> The input:

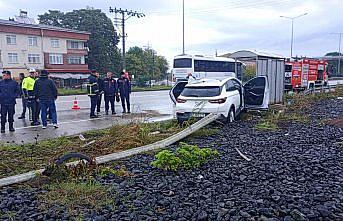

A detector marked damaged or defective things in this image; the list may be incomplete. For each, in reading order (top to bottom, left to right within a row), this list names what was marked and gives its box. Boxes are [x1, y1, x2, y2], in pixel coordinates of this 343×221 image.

crashed white suv [171, 77, 270, 122]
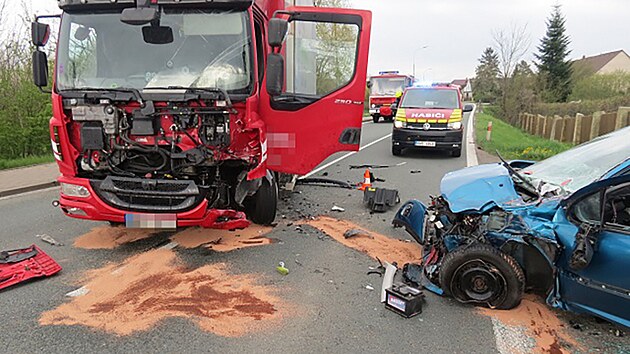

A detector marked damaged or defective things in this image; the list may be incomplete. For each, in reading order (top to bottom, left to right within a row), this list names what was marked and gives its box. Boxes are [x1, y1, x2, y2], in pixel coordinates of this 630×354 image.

damaged truck grille [91, 176, 204, 212]
broken bumper [55, 176, 251, 230]
detached wheel [244, 176, 278, 225]
crushed car hood [440, 163, 524, 213]
damaged blue car [396, 126, 630, 328]
detached wheel [440, 245, 524, 308]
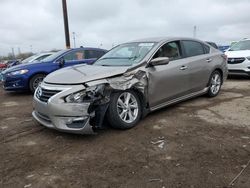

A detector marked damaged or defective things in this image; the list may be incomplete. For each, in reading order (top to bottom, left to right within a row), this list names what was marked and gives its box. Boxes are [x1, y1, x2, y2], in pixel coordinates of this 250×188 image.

bent hood [43, 65, 129, 85]
crumpled front end [32, 70, 147, 134]
shattered windshield [94, 42, 156, 66]
damaged silver sedan [32, 37, 228, 134]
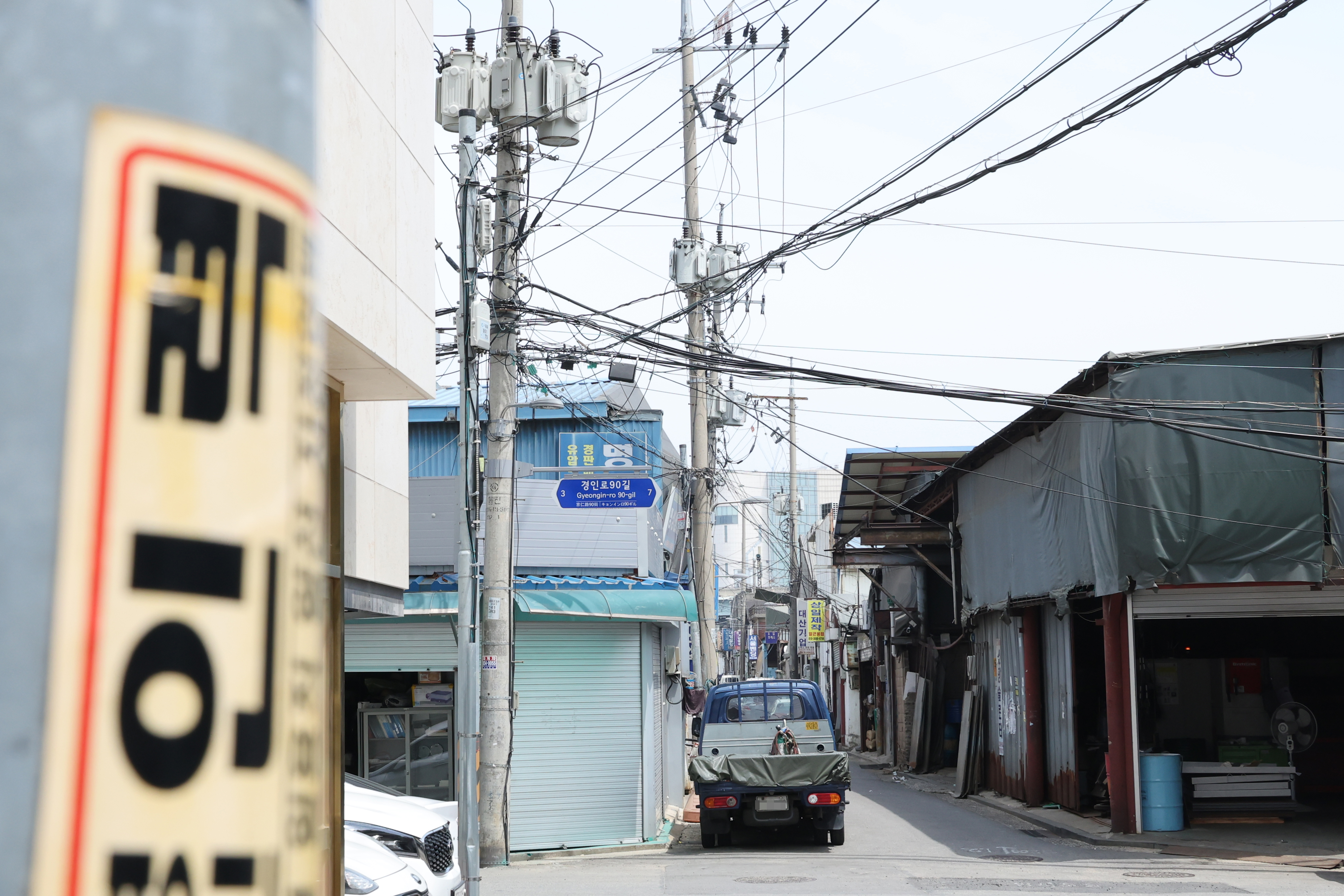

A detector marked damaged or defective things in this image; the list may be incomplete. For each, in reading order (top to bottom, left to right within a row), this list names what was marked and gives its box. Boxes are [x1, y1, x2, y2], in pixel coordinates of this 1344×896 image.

rusted metal wall panel [978, 618, 1027, 801]
rusted metal wall panel [1037, 610, 1080, 811]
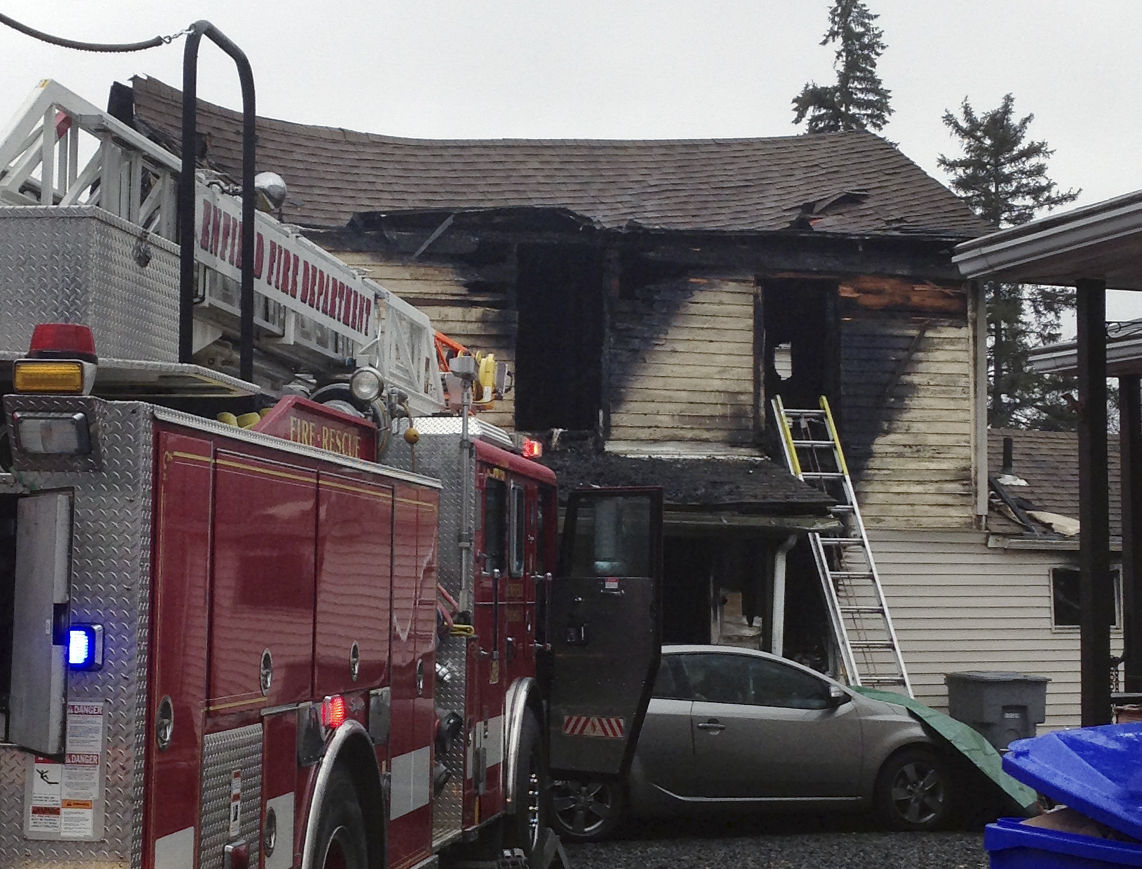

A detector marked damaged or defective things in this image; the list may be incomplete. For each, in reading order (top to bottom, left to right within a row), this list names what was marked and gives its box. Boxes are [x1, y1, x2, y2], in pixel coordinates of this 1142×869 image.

burned roof [123, 74, 984, 236]
fire damaged house [120, 71, 1020, 712]
charred siding [608, 272, 760, 450]
burned roof [540, 444, 836, 520]
burned roof [988, 428, 1120, 544]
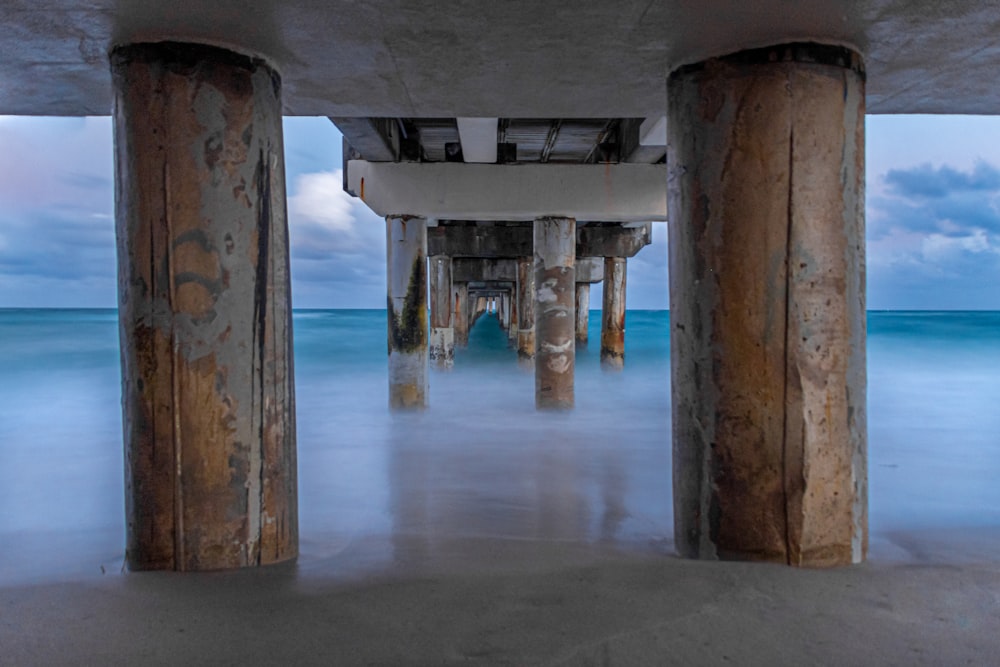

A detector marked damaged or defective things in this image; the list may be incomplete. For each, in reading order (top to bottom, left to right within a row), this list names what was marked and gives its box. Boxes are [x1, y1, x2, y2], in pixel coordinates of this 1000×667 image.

rusty concrete column [111, 43, 296, 576]
rusty concrete column [386, 217, 426, 410]
rusty concrete column [432, 256, 458, 370]
rusty concrete column [520, 258, 536, 368]
rusty concrete column [536, 217, 576, 410]
rusty concrete column [600, 258, 624, 370]
rusty concrete column [672, 44, 868, 568]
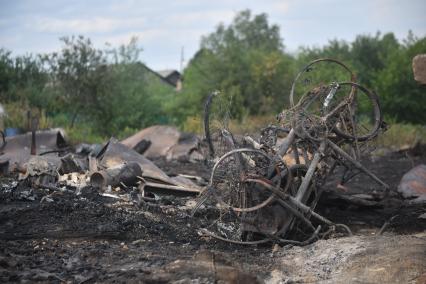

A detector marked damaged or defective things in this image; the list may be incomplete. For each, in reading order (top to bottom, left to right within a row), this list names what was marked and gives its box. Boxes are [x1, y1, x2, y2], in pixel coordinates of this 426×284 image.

burnt wreckage [195, 57, 388, 244]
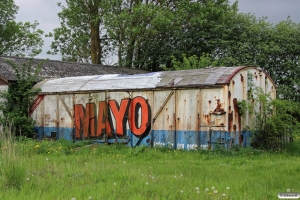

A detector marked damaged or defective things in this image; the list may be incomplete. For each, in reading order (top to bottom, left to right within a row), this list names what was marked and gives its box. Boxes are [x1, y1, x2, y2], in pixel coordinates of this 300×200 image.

rusty railway wagon [31, 66, 276, 149]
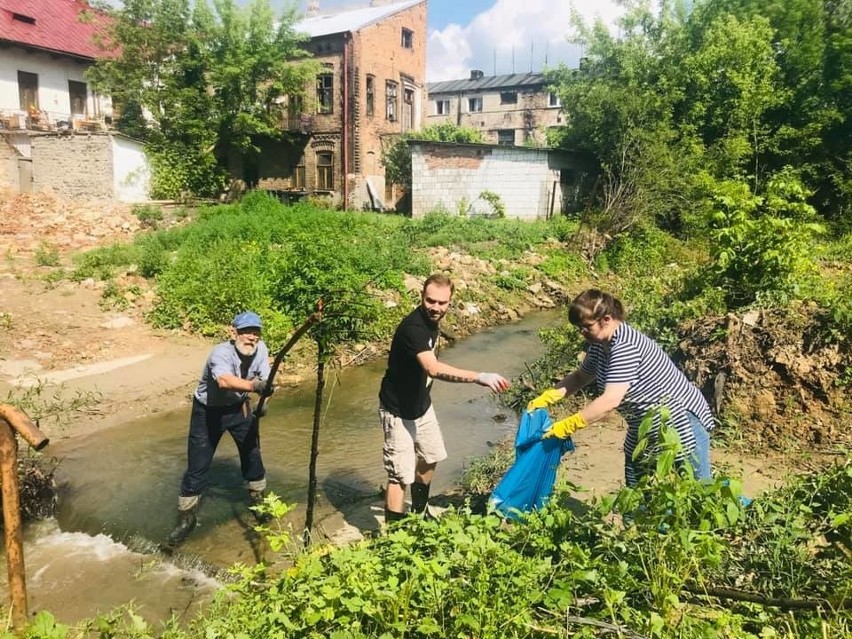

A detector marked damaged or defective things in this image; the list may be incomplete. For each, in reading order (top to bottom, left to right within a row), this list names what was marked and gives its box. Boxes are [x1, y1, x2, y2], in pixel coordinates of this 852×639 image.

> Exercise prompt: An exact copy of all entries is needed, with no pictures in it.

> Response area:
A detector marked damaged or defective things in this image; the list may be incomplete. For each, in reading order (top to bottom, left to right within a row), this list names what was marked and gives its box. Boxes are [x1, y1, x2, y2], in pixel coordinates of this 343×221 image.

crashed white suv [171, 77, 270, 122]

A detector marked damaged or defective things in this image; the list may be incomplete. For each, in reading order (top to bottom, left to right within a row), this list names what was marked and gives its box. Boxes are [x1, y1, x2, y2], in pixel coordinates of this 630×354 image.

damaged truck grille [91, 176, 204, 212]
broken bumper [55, 176, 251, 230]
detached wheel [244, 176, 278, 225]
crushed car hood [440, 163, 524, 213]
damaged blue car [396, 126, 630, 328]
detached wheel [440, 245, 524, 308]

A detector marked damaged or defective things in this image; the list may be incomplete. For each, in reading order (top to bottom, left to right within a row), this list names what was marked and gives its box. Boxes are [x1, y1, x2, y2], in pixel coordinates of this 250×188 image.

bent hood [43, 65, 129, 85]
crumpled front end [32, 70, 147, 134]
shattered windshield [94, 42, 156, 66]
damaged silver sedan [32, 37, 228, 134]

A detector marked damaged or defective things in this image; the list may be incomplete. For each, in reading order (top to bottom, left to right within a row), this list names what was marked and gives its box. Boxes are [x1, y1, x2, y2], in pixel coordinates of this 1344×896 image.

rusted metal wall panel [978, 618, 1027, 801]
rusted metal wall panel [1037, 610, 1080, 811]

A detector marked damaged or defective things in this image; the list may be incomplete. For each, in reading order (top to bottom, left to right within a row), this list names what was marked and gives its box. Boxes are [x1, y1, x2, y2], in pixel coordinates of this 1142×869 image.

burned roof [123, 74, 984, 236]
fire damaged house [120, 71, 1020, 712]
charred siding [608, 272, 760, 450]
burned roof [540, 444, 836, 520]
burned roof [988, 428, 1120, 544]

A detector marked damaged or defective things in this image; the list may be incomplete. For each, in reading order (top to bottom, left to right within a row), this list names what was marked and gives its box. Boxes are [x1, y1, x2, y2], in pixel coordinates of this 1000×667 image.

rusty concrete column [111, 43, 296, 576]
rusty concrete column [386, 217, 426, 410]
rusty concrete column [432, 256, 458, 370]
rusty concrete column [520, 258, 536, 368]
rusty concrete column [536, 217, 576, 410]
rusty concrete column [600, 258, 624, 370]
rusty concrete column [672, 44, 868, 568]

A detector marked damaged or defective things in this image; the list may be incomplete. For each, in reading order (top to bottom, left to right within a row), this list names what was marked and gives its box. Boxes are [x1, y1, x2, y2], in pixel coordinates of this 426×284 image.

burnt wreckage [195, 57, 388, 244]

A detector marked damaged or defective things in this image; the list may be incomplete. For each, in reading order (top to bottom, left to right within a row), this list names what was marked and gives its box. Boxes are [x1, y1, x2, y2], in pixel coordinates of this 300×200 image.

rusty railway wagon [31, 66, 276, 149]

A detector marked damaged or defective things in this image; the list may be incomplete. For each, in reading order (top to bottom, left to right within a row), this list names what was marked and gives its box. Boxes are [x1, y1, x2, y2], in pixel coordinates of this 852×639 image.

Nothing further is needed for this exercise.